Data segment
>>>

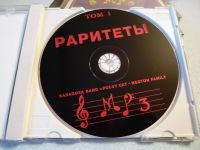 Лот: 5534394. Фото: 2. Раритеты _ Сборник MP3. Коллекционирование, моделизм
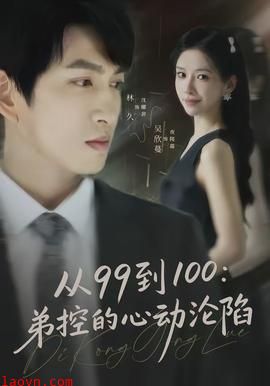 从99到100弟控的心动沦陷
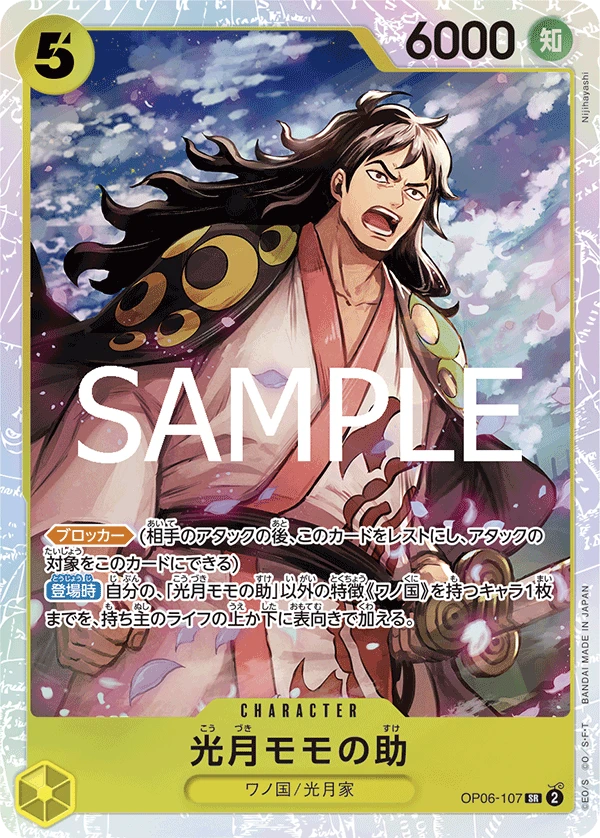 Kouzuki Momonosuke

<<<

Work to be completed
Restate the whole listing above exactly, please, omitting every image.

Exercise result
 Лот: 5534394. Фото: 2. Раритеты _ Сборник MP3. Коллекционирование, моделизм
 从99到100弟控的心动沦陷
 Kouzuki Momonosuke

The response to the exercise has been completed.